I must admit, I had to re-read all of it several times before I could allow myself to conclude the following: NK and GDS aren’t just accusing counterfactualists of holding a debateable view of causality; they are accusing them of holding a deeply offensive and ignorant view of humanity.
So please let me be very clear. A counterfactual view of race doesn’t mean you think that there are “fixed races.” The counterfactual view of race doesn’t say race can’t be changed, or even that it exists. It doesn’t say that race is a “natural kind”. It doesn’t say we shouldn’t study it (and thus “narrow the scope” of our field). To me, the counterfactual view simply says that race can’t be the target of intervention. It says that race doesn’t cause poor health, racism does – which is the exact point NK and GDS get to at while arguing against the counterfactual view. I hope everyone can see the distinction, and nobody is put off of counterfactuals for fear of offending.
I would like to provide a less contentious example that I teach to my students, which will hopefully explain their value. Does fluoride prevent dental carries? This might seem like a straightforward causal question, but it is woefully incomplete without consideration of how we might vary exposure to fluoride. For example, we could fluoridate the water supply, dictate that manufacturers put more fluoride in toothpaste, or encourage people to brush their teeth more often. Each of these interventions represents a distinct causal question, with different sets of potential confounders, taking place at different scales, and all of them are more useful than simply asking whether fluoride prevents tooth decay. So counterfactuals are, at the very least, a useful fiction that I believe help crystalize causal questions. Even in situations where there is no possible intervention, due to ethical or other constraints, thinking about exposures as if you could intervene can be helpful.

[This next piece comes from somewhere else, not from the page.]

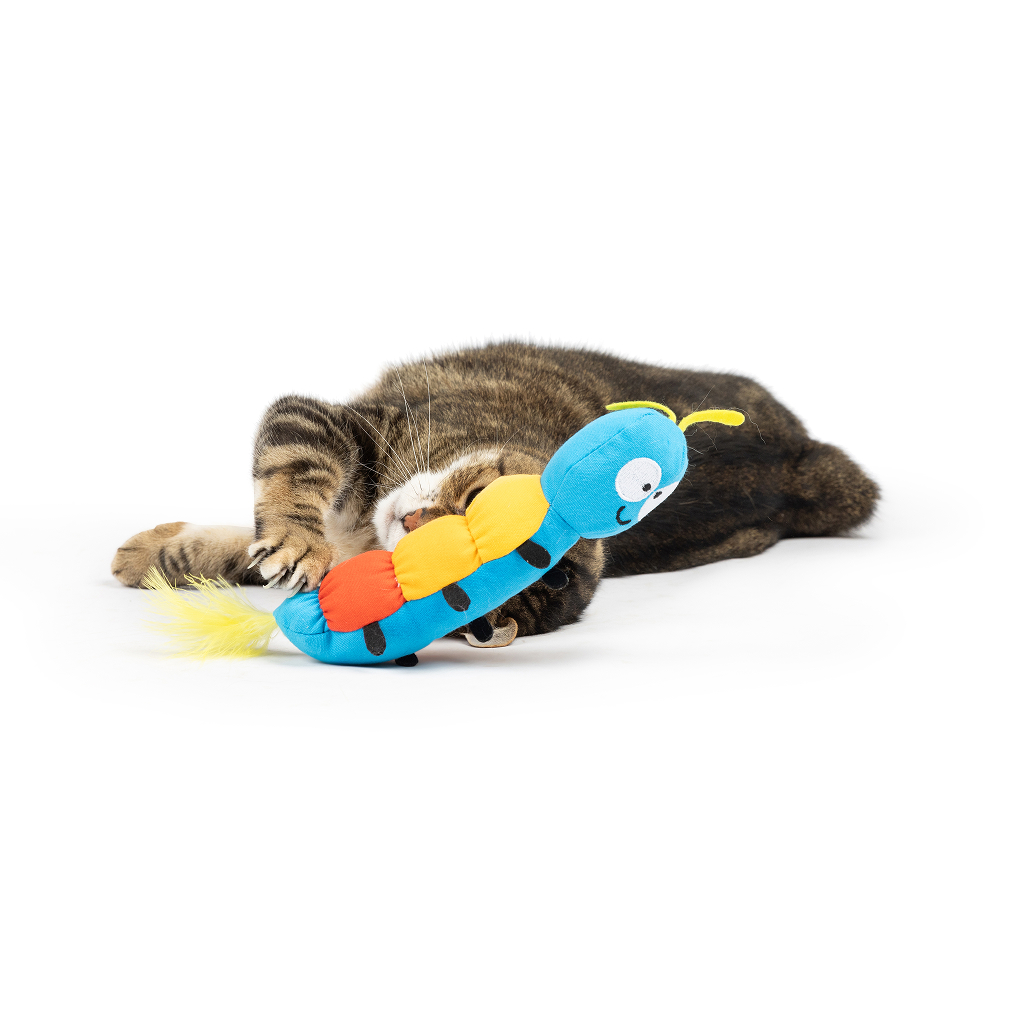Huxley & Kent Cat Kicker CATERPILLAR image number null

A colleague once told me that Jamie Robbins, when asked what a confounder was, answered, “Whatever you need to adjust for to get the right answer.” I think this answer really gets to the point of DAGs and their counterfactual foundations. It’s not about identifying what A confounder is, but rather it’s about identifying the set of things to adjust for, given a specific causal question, asked in a specific context.
This is in stark contrast to what I see in most health research papers. The process of covariate selection, typically the crux of the entire analysis, is often omitted. When it isn’t, it can frequently be described as a monkey-see-monkey-do approach, or even worse, by some step-wise algorithm. Then, after dancing around the causal question at hand, careful not to admit their true motives, the authors are usually quick to practically apologize for their efforts with that old falsehood, “Correlation doesn’t imply causation.” All of this reflects a deficit of causal thinking that is a drag on our profession.

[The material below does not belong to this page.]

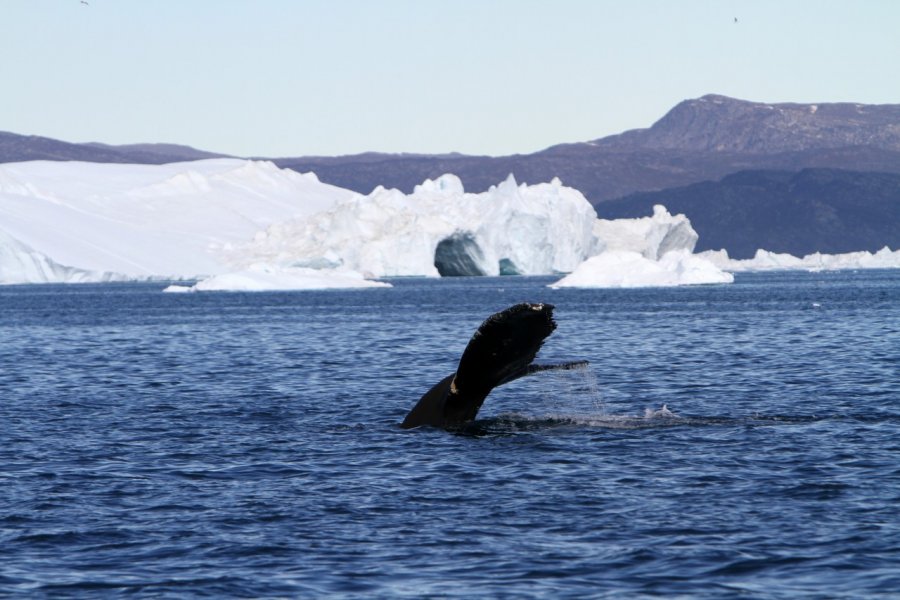 Baleine dans la baie de Disko. Stéphan SZEREMETA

DAGs and counterfactual thinking are currently the best tools we have to counter this. Their value seems so obvious to me, but clearly not to everyone else. Every year, a student will inevitably ask, “If DAGs are so useful, why don’t epidemiologists use them?” I still don’t have a good answer for that question. It’s been about two decades since Robins, Greenland, Pearl, Hernan, Glymour and others helped to introduce DAGs to our field. It would be generous to describe their uptake as slow. There is no denying that most “successful” epidemiologists have gotten along just fine without them, and they rarely appear in the journal articles I read or review. So please forgive any defensiveness on my part; just know that we are on an uphill climb here.